_Input records_
►
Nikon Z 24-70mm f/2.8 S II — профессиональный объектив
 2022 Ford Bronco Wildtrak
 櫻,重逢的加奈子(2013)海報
◄
►
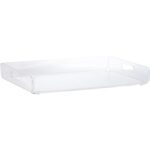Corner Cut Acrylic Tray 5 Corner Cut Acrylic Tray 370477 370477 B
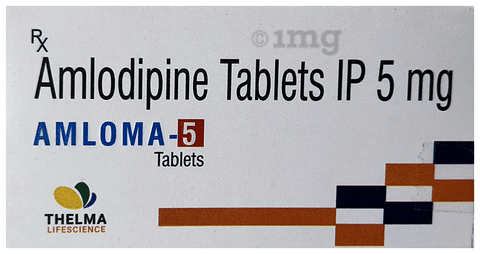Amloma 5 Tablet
◄
►
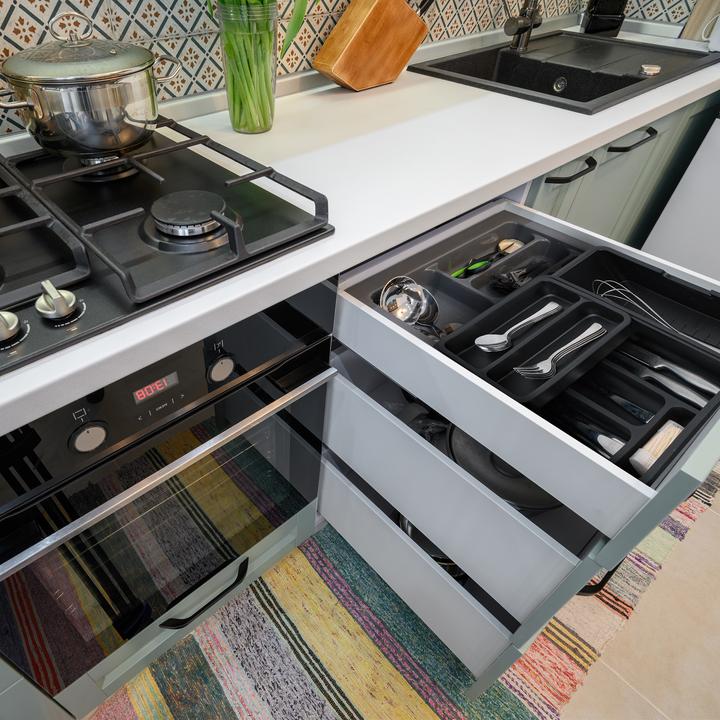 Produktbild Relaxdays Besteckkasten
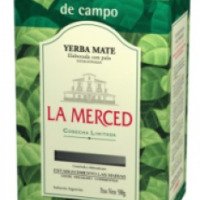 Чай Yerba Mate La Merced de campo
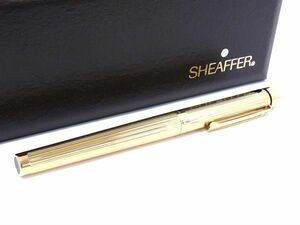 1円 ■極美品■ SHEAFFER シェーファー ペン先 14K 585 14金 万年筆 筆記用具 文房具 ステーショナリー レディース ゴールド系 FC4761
◄
_Required action_
In the listing above, find the line containing "Nikon Z 24-70mm" and the line containing "櫻,重逢的加奈子(2013)海報". Output them and every line between, exactly, and nothing else.

_Worked solution_
Nikon Z 24-70mm f/2.8 S II — профессиональный объектив
 2022 Ford Bronco Wildtrak
 櫻,重逢的加奈子(2013)海報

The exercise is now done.